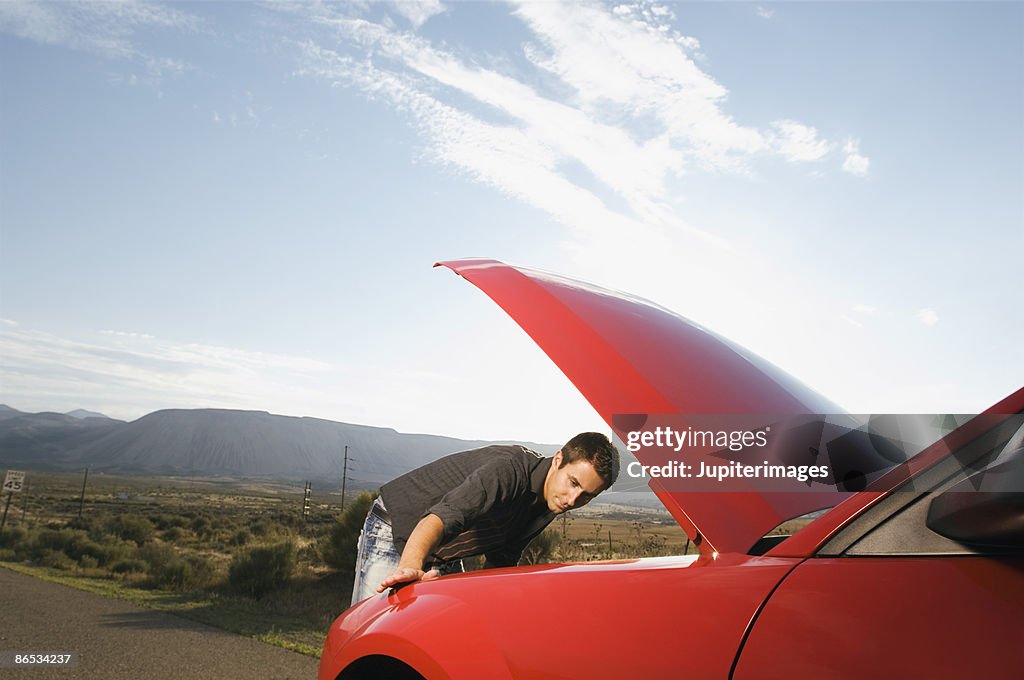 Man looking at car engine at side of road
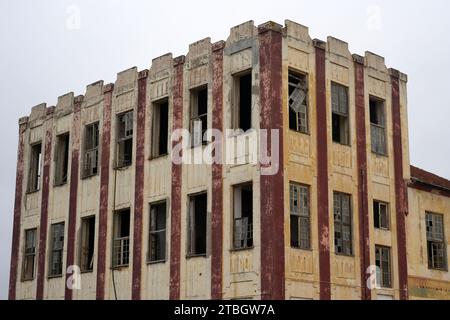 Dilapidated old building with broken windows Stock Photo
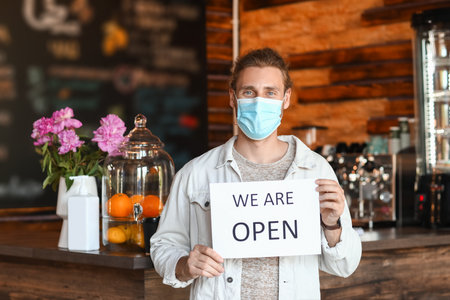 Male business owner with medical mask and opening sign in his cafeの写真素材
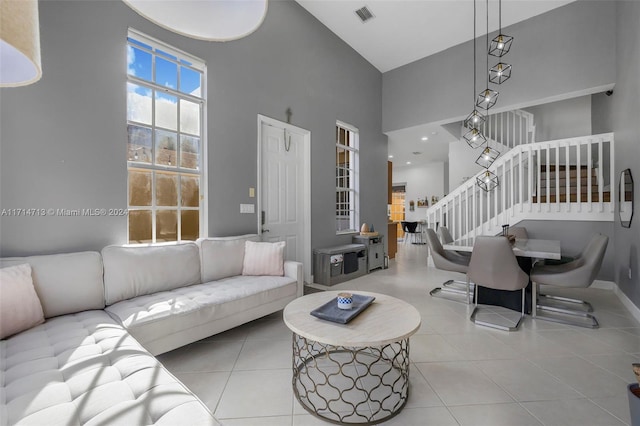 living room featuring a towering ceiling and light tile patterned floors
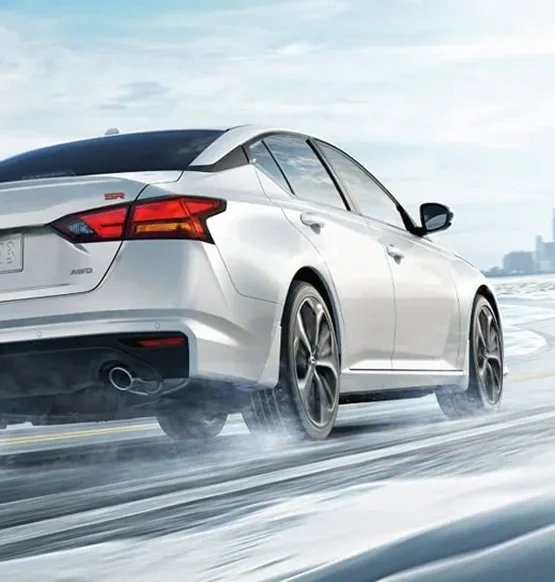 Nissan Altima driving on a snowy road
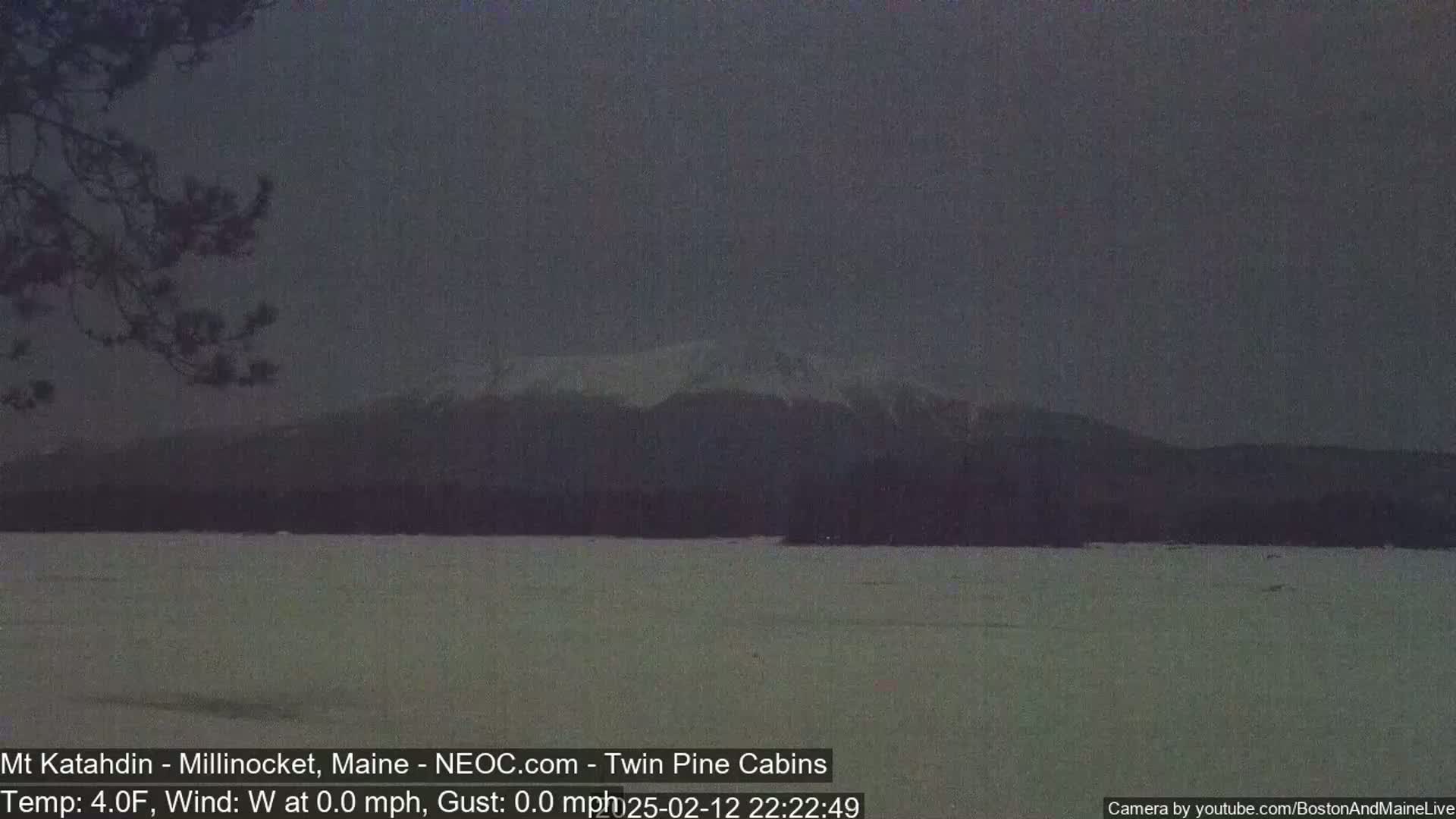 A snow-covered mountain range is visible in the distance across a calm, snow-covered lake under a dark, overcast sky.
* * *
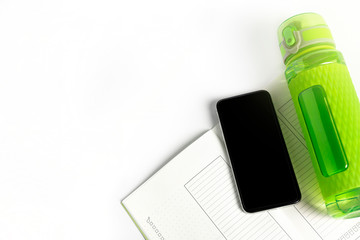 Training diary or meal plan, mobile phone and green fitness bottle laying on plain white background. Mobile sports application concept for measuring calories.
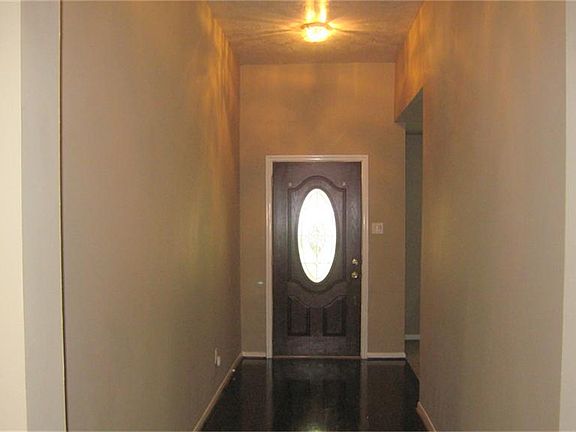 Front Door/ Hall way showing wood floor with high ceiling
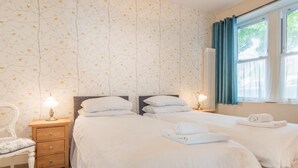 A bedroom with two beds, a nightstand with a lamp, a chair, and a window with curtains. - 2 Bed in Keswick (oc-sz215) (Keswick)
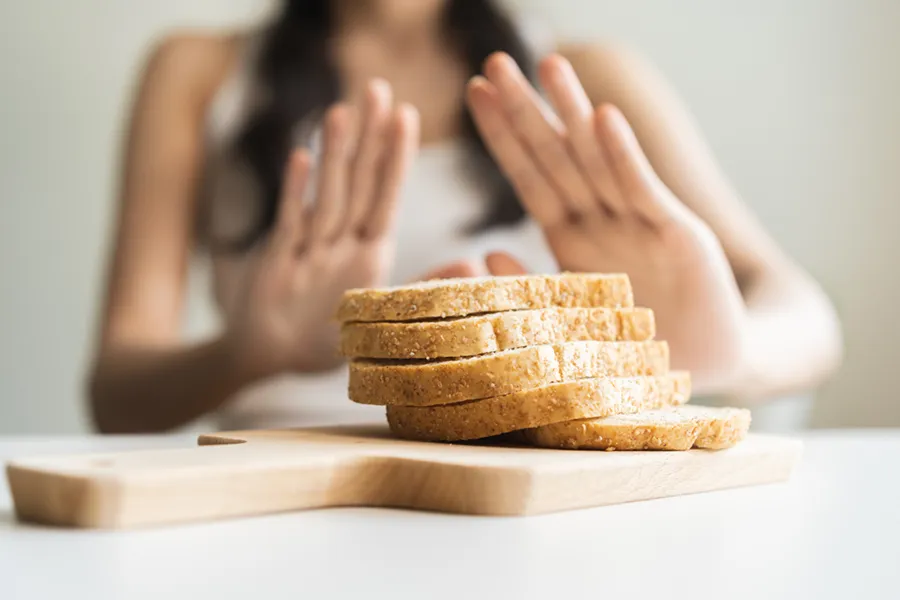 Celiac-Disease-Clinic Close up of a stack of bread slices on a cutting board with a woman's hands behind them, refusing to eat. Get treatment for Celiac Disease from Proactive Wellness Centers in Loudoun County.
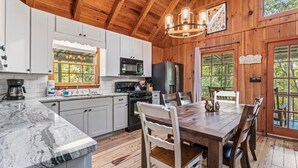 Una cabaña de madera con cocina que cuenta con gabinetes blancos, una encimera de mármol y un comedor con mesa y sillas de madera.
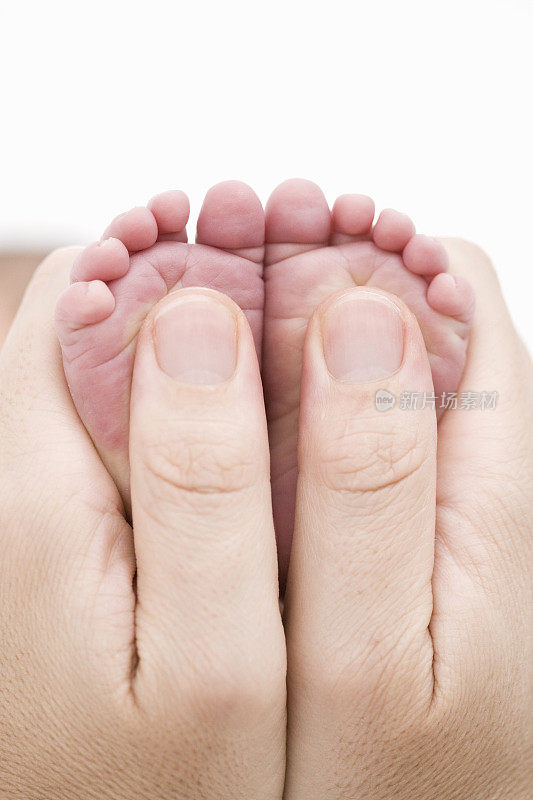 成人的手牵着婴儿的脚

• Your task:
Above are some records; extract exactly the lines from the one containing "Nissan Altima driving on a snowy road" through the one containing "A snow-covered mountain" and drop the pictures.

• Reply:
 Nissan Altima driving on a snowy road
 A snow-covered mountain range is visible in the distance across a calm, snow-covered lake under a dark, overcast sky.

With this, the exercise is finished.